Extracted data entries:
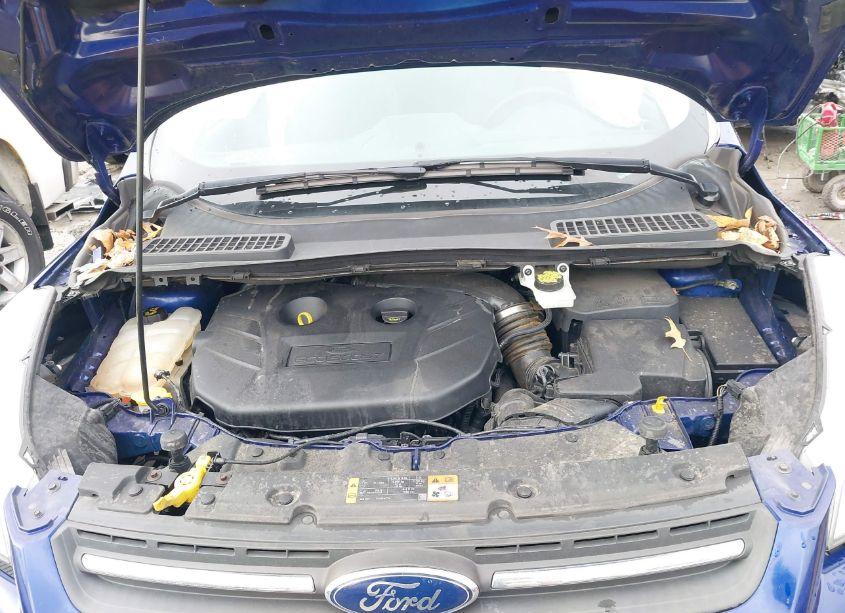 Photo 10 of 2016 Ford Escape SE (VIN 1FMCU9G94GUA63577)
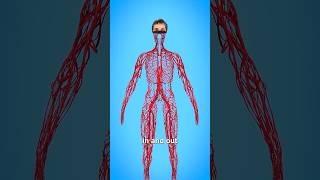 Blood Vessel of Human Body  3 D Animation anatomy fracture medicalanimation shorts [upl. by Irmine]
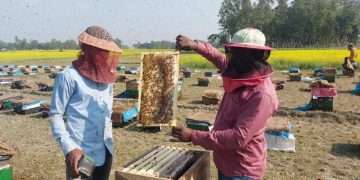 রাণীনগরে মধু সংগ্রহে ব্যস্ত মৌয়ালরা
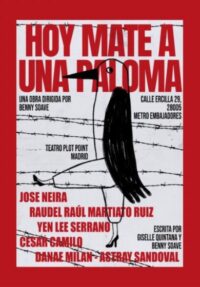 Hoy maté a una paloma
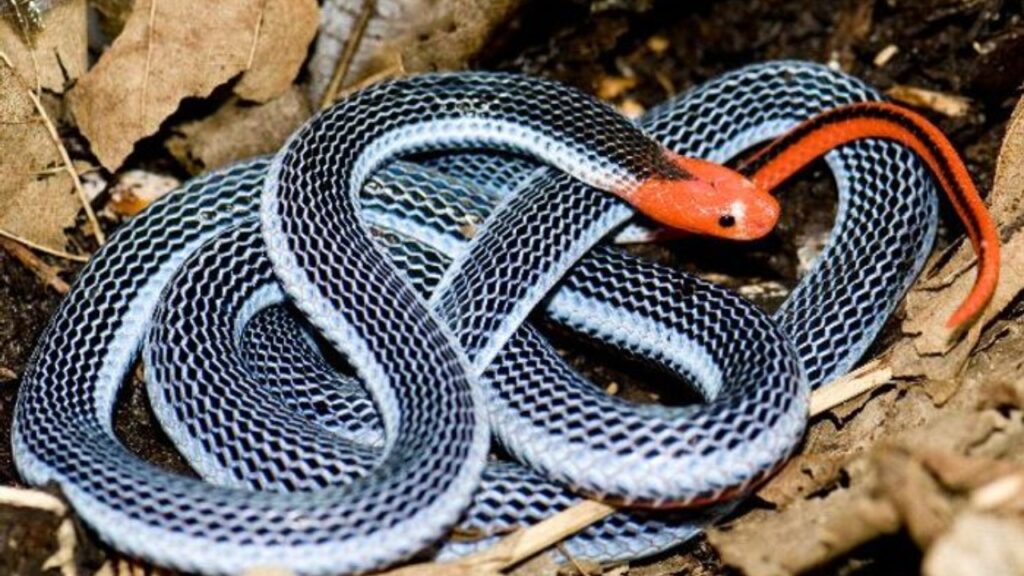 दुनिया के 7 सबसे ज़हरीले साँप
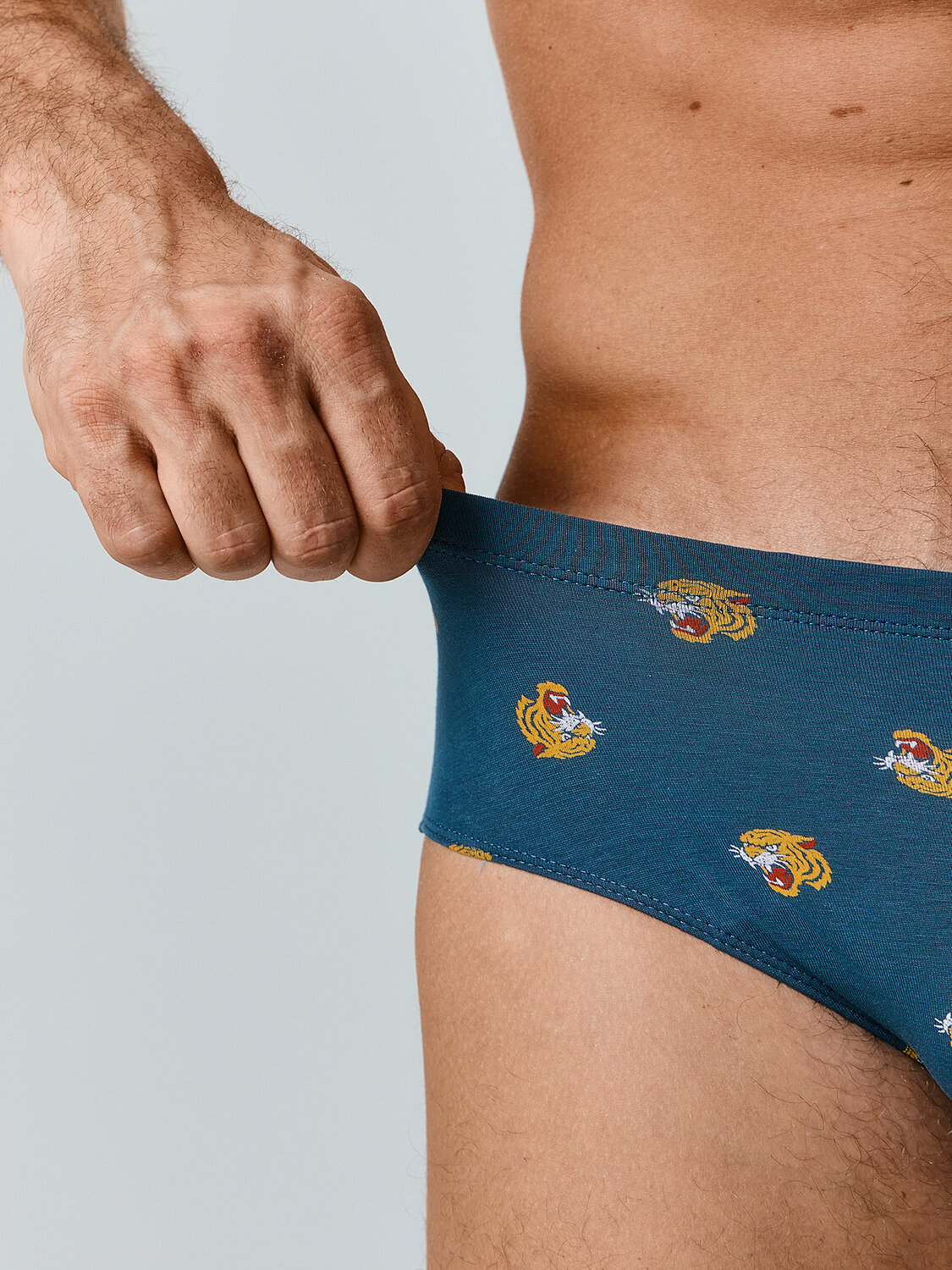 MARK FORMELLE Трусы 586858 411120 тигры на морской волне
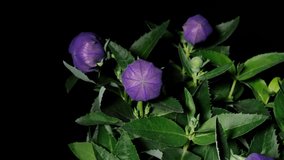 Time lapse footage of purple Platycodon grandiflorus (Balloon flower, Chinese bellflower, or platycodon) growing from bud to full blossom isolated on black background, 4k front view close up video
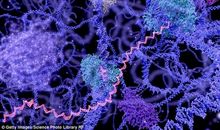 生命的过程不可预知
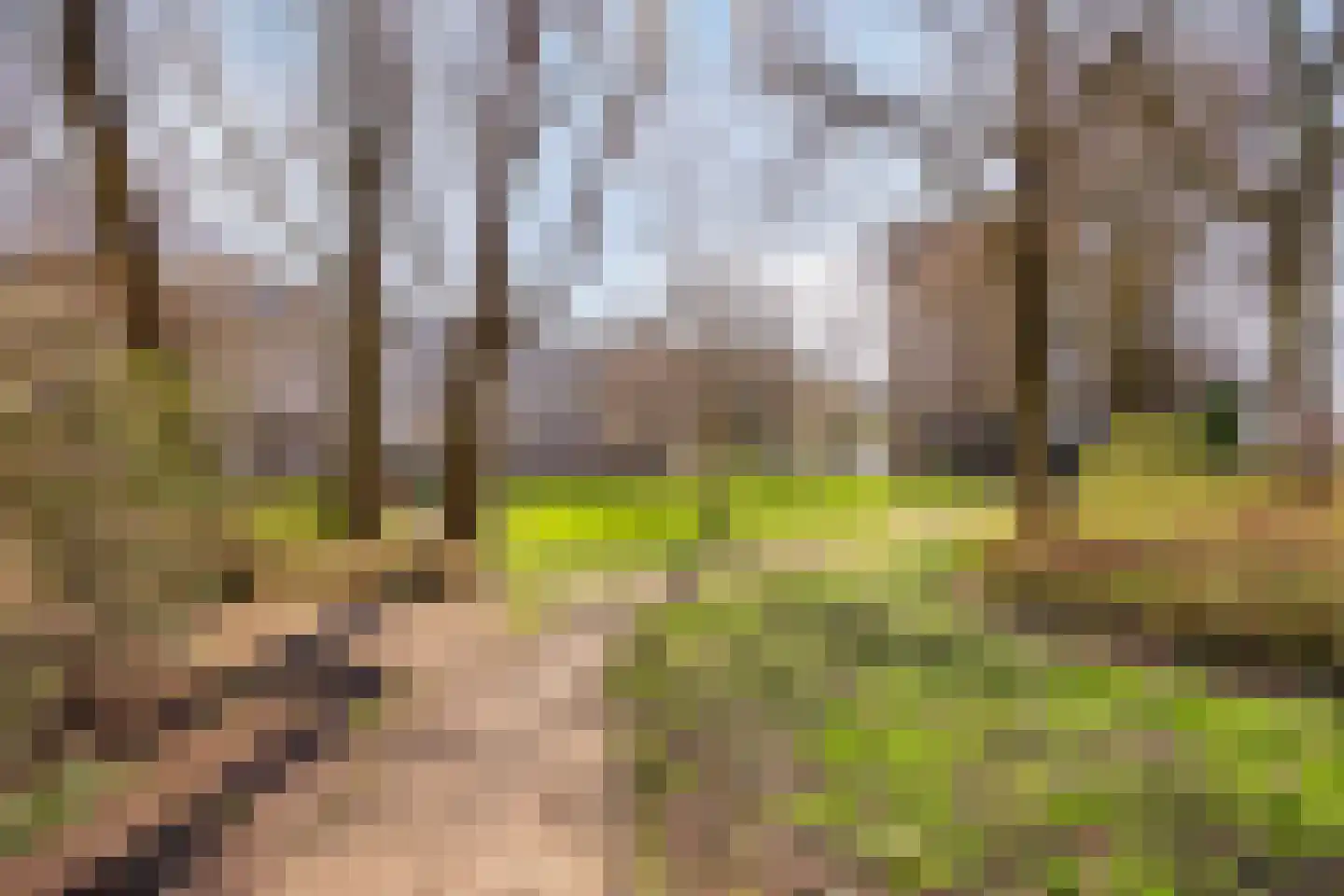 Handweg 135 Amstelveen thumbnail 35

- [Task item]: When copying the records, reproduce every entry exactly and omit all pictures.

- [Completed task]:
 Photo 10 of 2016 Ford Escape SE (VIN 1FMCU9G94GUA63577)
 Blood Vessel of Human Body  3 D Animation anatomy fracture medicalanimation shorts [upl. by Irmine]
 রাণীনগরে মধু সংগ্রহে ব্যস্ত মৌয়ালরা
 Hoy maté a una paloma
 दुनिया के 7 सबसे ज़हरीले साँप
 MARK FORMELLE Трусы 586858 411120 тигры на морской волне
 Time lapse footage of purple Platycodon grandiflorus (Balloon flower, Chinese bellflower, or platycodon) growing from bud to full blossom isolated on black background, 4k front view close up video
 生命的过程不可预知
 Handweg 135 Amstelveen thumbnail 35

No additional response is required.